En efecto, la filosofía trata de cuestiones no instrumentales –como
las que se plantea la ciencia– y que por tanto nunca pueden ser
definitivamente solventadas: sus respuestas ayudan a convivir con las
preguntas, pero nunca las cancelan. De ahí que quienes aconsejan con
impaciencia a los filósofos acogerse a la psicología evolutiva o a las
neurociencias sencillamente no entienden el chiste ni ven la gracia al
asunto. Como bien indica Giacomo Marramao en Kairós (Editorial Gedisa),
"las interrogaciones filosóficas se sirven de la experiencia y no del
experimento, y por ello solo pueden utilizarse en los símbolos,
metáforas, palabras clave con las cuales intentamos conocer la realidad
en que vivimos".
Quizá la mejor caracterización de la inquietud filosófica es señalar
que se ocupa de "las interrogaciones que a todos nos conciernen", no en
cuanto preocupados por tal o cual sector del conocimiento, sino en lo
que toca a nuestro común oficio de vivir como humanos. Este es el
planteamiento básico sustentado por Víctor Gómez Pin en su "Filosofía"
(Gran Austral, editorial Espasa Calpe), una introducción general a la
materia que puede resultar ardua para quien apetezca simplificaciones
de manual pero que resulta provechosa a cuantos crean que lo importante
siempre resulta también exigente.
Gómez Pin no rehúye partir de los avances de la matemática y otras
ciencias, pero busca sin cesar establecer ese nivel común a la
inquietud humana general que es propiamente filosófico. Porque no debe
olvidarse –como bien dice Odo Marquard– que el filósofo no es un
experto, sino quien dobla al experto: el especialista para escenas de
peligro.
Otro camino de acercarse al chiste filosófico pasa a través de la
vida y obra de algunos grandes pensadores. Las ediciones Marbot, que
han iniciado recientemente con acierto y buen gusto su andadura,
proponen dos libros excelentes a tal propósito. Cada uno de ellos está
centrado en un filósofo, desde enfoques muy distintos aunque ambos bien
logrados.
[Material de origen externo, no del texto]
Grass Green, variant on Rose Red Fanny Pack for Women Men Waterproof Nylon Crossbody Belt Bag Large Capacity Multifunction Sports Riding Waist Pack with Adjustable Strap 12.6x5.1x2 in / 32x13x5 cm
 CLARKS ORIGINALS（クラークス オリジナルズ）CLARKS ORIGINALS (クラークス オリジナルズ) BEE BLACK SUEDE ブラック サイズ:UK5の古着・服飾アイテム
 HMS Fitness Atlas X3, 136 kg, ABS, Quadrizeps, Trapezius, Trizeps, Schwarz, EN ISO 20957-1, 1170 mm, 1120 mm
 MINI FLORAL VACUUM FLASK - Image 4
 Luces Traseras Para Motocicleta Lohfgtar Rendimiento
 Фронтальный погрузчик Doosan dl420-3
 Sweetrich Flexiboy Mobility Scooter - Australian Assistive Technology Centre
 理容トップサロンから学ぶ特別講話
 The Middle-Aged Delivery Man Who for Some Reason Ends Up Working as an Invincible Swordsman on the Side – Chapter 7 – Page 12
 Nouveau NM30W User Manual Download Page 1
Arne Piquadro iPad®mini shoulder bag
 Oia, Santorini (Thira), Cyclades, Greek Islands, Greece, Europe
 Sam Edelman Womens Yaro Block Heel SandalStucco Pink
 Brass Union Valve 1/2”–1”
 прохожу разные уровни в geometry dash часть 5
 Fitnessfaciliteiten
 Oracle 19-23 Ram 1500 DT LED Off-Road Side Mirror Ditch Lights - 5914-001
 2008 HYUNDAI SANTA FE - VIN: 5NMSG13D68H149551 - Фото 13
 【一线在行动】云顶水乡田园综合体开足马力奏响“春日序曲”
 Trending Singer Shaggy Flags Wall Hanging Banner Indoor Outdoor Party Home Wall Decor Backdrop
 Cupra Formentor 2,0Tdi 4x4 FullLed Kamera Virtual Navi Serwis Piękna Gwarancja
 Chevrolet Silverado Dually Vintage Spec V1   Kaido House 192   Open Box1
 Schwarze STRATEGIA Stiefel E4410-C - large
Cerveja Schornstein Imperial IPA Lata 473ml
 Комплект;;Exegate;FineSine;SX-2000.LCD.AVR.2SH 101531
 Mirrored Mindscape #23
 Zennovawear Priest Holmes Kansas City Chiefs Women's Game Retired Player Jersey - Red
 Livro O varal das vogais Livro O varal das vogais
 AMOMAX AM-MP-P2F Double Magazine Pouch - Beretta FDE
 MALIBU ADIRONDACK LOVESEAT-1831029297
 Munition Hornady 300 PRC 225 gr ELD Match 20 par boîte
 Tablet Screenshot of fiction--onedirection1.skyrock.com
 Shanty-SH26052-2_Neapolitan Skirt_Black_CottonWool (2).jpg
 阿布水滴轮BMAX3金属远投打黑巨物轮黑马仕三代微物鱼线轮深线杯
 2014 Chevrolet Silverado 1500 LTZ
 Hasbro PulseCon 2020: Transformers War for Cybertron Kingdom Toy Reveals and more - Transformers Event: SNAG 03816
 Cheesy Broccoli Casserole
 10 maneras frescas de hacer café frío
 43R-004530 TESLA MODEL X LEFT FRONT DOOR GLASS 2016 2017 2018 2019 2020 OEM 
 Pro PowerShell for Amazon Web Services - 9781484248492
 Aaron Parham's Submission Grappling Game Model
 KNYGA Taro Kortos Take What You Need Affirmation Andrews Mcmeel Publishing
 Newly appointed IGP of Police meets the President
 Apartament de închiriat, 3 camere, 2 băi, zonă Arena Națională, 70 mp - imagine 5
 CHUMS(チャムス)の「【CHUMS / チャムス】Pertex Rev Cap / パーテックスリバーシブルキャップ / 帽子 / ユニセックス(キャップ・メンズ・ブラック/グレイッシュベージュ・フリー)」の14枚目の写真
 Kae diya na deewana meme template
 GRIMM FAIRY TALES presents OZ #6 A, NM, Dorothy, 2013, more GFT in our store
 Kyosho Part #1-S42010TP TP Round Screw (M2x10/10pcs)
El Séneca, de Paul Veyne, historiador del mundo clásico que
estuvo muy vinculado intelectualmente a Michel Foucault, es un estudio
magistral de la vida, obra y época del pensador nacido en la Córdoba
primitiva. Nos narra la trayectoria humanísima y por tanto a veces
contradictoria de un indagador preocupado con esa gran molestia
intelectual y práctica: la dificultad de habitar el mundo sabiéndose
mortal.
En los días de Séneca, ser filósofo no era escribir tratados de
filosofía ni mucho menos dar cursos de esa materia, sino vivir de un
modo determinado: con deliberación y conciencia, luchando contra la
rutina mimética que todo lo arrastra y nada se pregunta. Por otra
parte, el Spinoza, de Alain, prescinde de la parafernalia historicista
y de la mirada externa de comentador: resume en un inigualable
prontuario lo esencial del pensamiento del valiente sabio judío como si
fuera él mismo quien hablase sin intermediarios ni distancia académica.
Durante muchos años, el libro de Alain ha constituido la base de
gran parte de mis cursos y también –ayer como hoy– del pensamiento
que me ayuda a vivir. Por suerte, la filosofía es una tradición de la
que no debemos renunciar a nada: pero si debo quedarme con un solo
compañero filosófico, que me dejen con Spinoza.
La filosofía nace con la democracia y representa en el terreno
intelectual lo mismo que ella en el político: la autonomía del
individuo pensante frente a las veneraciones inapelables establecidas.
Quienes por razones espuriamente funcionales tratan de disminuir hoy su
peso en la enseñanza, pretenden sin duda también la sumisión al poder
incuestionado y no la mera eficacia laboral.